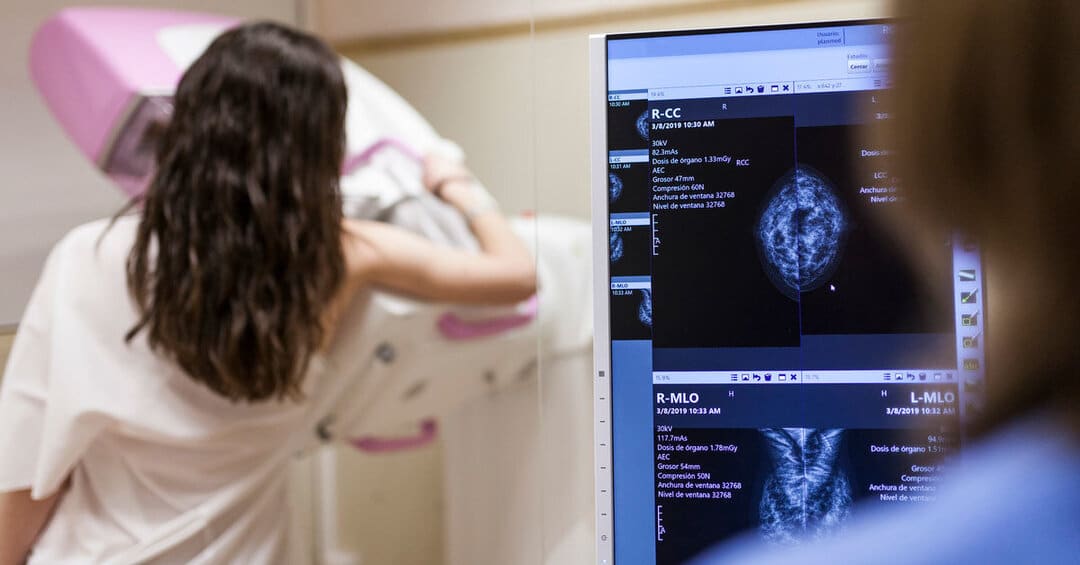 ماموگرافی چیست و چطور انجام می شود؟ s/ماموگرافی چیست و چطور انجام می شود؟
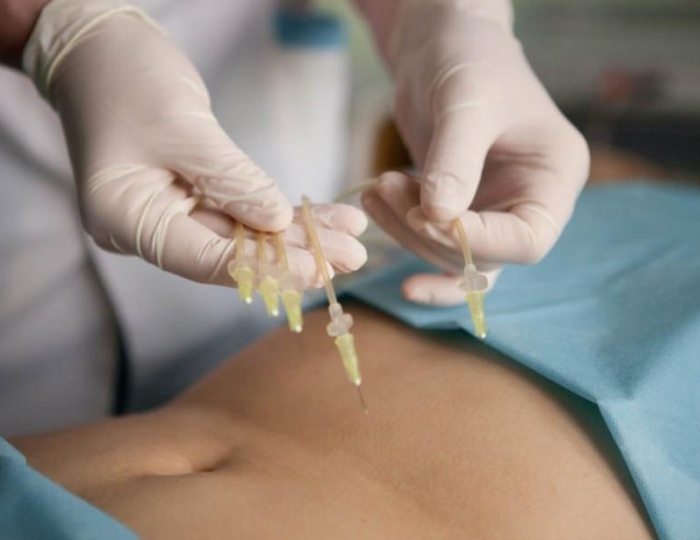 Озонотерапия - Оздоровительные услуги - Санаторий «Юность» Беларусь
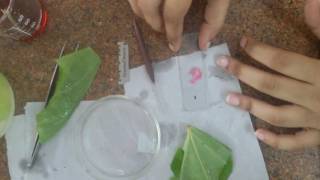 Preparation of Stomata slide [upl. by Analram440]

━━━━━━━━━━

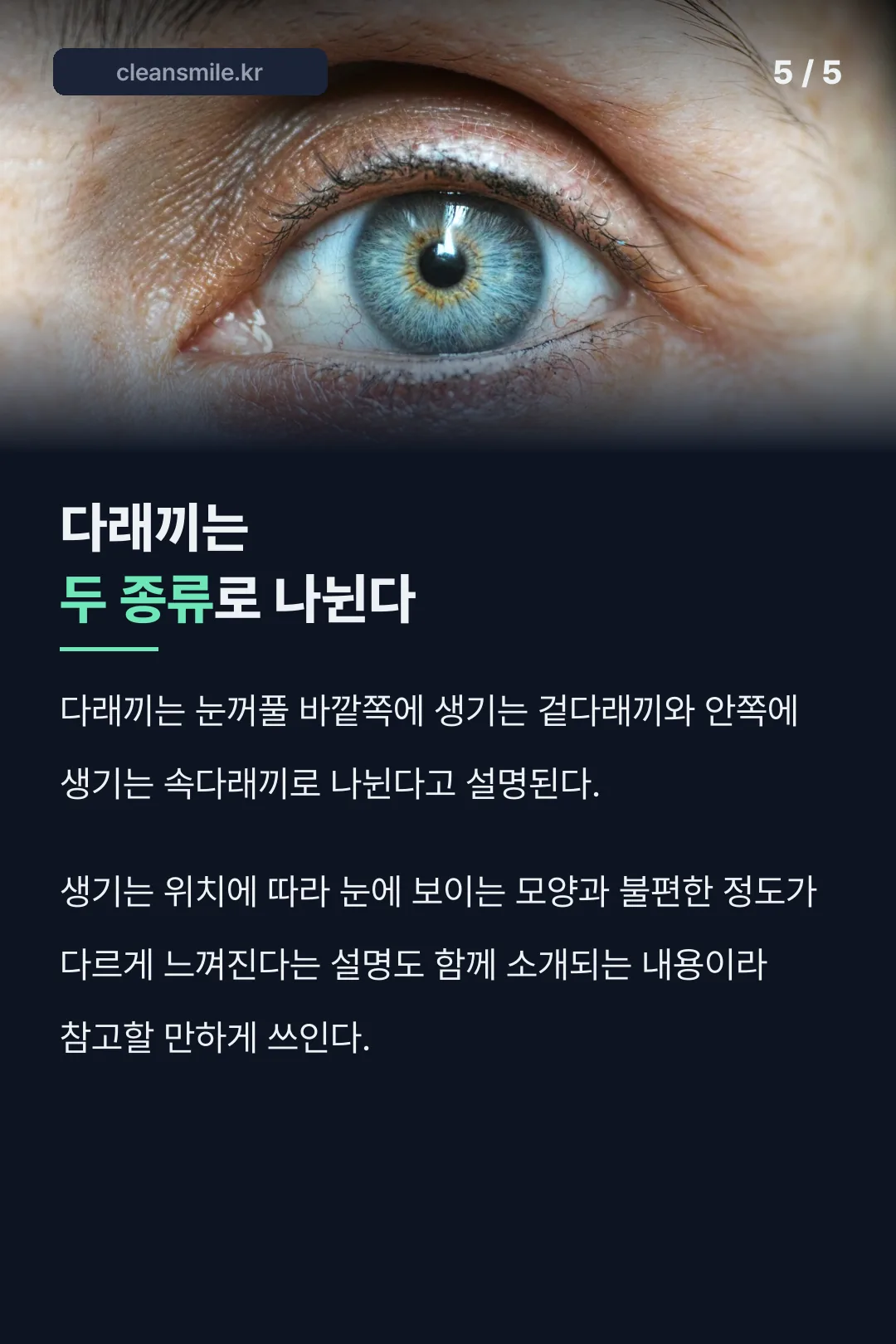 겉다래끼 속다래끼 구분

━━━━━━━━━━

• _TASK_
Skipping every picture, transcribe exactly the lines above from the one containing "ماموگرافی چیست و چطور انجام می شود؟ s/ماموگرافی" through the one containing "Preparation of Stomata", both included.

• _WRITTEN SOLUTION_
 ماموگرافی چیست و چطور انجام می شود؟ s/ماموگرافی چیست و چطور انجام می شود؟
 Озонотерапия - Оздоровительные услуги - Санаторий «Юность» Беларусь
 Preparation of Stomata slide [upl. by Analram440]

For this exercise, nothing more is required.